• Work request: Give back exactly the lines of the data below, starting with the line that has "Orange Coachella The" and going on through the line that has "A series of".

• Data for processing:
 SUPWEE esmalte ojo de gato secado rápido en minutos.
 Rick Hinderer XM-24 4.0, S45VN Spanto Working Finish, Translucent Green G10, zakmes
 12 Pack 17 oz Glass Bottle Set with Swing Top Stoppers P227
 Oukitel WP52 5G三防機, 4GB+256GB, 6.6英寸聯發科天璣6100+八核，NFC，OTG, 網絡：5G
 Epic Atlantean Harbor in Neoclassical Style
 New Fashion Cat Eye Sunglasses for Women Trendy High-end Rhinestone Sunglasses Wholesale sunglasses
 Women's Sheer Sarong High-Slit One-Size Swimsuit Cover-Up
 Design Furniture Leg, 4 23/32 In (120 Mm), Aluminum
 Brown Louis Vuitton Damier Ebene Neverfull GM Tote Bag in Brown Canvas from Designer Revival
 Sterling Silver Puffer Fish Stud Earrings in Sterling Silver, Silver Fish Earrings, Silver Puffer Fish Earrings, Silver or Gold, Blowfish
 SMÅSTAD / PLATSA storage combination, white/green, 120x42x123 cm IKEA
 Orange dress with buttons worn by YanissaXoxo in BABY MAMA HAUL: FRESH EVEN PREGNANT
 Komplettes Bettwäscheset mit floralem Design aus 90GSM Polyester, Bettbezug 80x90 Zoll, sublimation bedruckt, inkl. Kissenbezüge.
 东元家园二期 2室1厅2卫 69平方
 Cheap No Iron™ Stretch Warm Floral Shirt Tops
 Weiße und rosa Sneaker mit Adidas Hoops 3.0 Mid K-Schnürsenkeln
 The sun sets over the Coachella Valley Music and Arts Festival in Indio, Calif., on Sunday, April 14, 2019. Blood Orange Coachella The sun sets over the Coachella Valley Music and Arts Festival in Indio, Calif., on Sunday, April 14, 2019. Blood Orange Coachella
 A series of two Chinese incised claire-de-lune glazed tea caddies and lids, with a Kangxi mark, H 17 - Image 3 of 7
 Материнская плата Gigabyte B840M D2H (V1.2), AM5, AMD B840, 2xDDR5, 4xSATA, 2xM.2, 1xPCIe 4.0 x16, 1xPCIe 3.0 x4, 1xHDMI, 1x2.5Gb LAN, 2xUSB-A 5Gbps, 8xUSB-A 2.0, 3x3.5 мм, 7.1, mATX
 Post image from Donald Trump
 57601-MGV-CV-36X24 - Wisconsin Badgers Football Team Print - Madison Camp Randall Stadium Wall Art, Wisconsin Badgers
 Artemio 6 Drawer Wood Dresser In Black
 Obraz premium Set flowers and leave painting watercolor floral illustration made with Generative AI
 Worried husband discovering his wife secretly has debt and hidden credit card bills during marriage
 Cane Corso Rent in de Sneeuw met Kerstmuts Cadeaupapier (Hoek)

• Written solution:
 The sun sets over the Coachella Valley Music and Arts Festival in Indio, Calif., on Sunday, April 14, 2019. Blood Orange Coachella The sun sets over the Coachella Valley Music and Arts Festival in Indio, Calif., on Sunday, April 14, 2019. Blood Orange Coachella
 A series of two Chinese incised claire-de-lune glazed tea caddies and lids, with a Kangxi mark, H 17 - Image 3 of 7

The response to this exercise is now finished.